Indoctrination

Most of the time, when people think of what churches do, they think “indoctrination.” It makes sense. Churches have schools, offer education and preach a particular story. I don’t think it is the primary role of the church, but it is one role that churches have had.

And indoctrination is not all bad: some people do need to be reminded that they should do unto others good things. It’s a shortcut to thinking – a way of training one’s instincts for the good.

I want to suggest, however, that churches are primarily about something different: churches do relationships. (They also enchant the world, but that’s another essay).

“Relationship” happens before rules. Connecting happens before doctrine. It is from experiencing relationships that the church has had with all those people who have been in the church (and outside), that the church created doctrine. Sometimes its rules don’t make much sense, but they made sense at some time.

Doctrine is not the end point of the faithful person. It is not our purpose. Our purpose is more about connecting people with each other – and through those relationships we begin to see what God looks like. Our first encounter with God is usually through the encounter of other persons. Like our children; or our parents; or our friends and spouses. And sometimes our enemies.

In England they recently agreed to consecrate women bishops. It’s a remarkable change for Catholic Christianity – one that England’s sister churches throughout the globe have already experienced. And the reason for the change is that the church’s experience and relationshp with women has changed. The challenge still continues: how do we maintain relationships with people who think differently about the consecration of women? Personally, I find that there is even a question about the merits of women’s ordination itself to be a bit strange, but there are many world views, of which I’m not familiar that have their own internal logic.

From our relationships that we begin to understand the church’s mission. How do we, as a community, become a place for healing, joy, peace and fortitude? We need to know where people are hurting; where they have conflict; and when they are weak. I suggest that this includes most of us at some point.

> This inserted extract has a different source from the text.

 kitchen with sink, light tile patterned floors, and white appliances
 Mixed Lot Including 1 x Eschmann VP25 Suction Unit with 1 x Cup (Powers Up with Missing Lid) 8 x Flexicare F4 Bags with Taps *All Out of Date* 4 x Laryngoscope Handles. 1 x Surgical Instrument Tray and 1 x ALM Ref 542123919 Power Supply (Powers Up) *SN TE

I imagine that in Westchester people have different sorts of anxieties. Money is a pretty central; raising children in the midst of affluence and unregulated desire; environmental challenges. Many families are trying to sort through the immense changes that the culture is experiencing. How do we become the place that serves them?

This is part of a greater strategy to discern our mission. Recently I asked someone who had been a member of the church for about 40 years what he thought the mission was. He had just suggested closing the church down. And he couldn’t give me an answer. I don’t think this is unusual.

I do think, however, that there is a purpose and a reason for our community: but discerning it comes from maintaining and fostering connections with each other. From those connections we can begin to formulate the way this church can be a place of strength and love for any person who walks through our doors.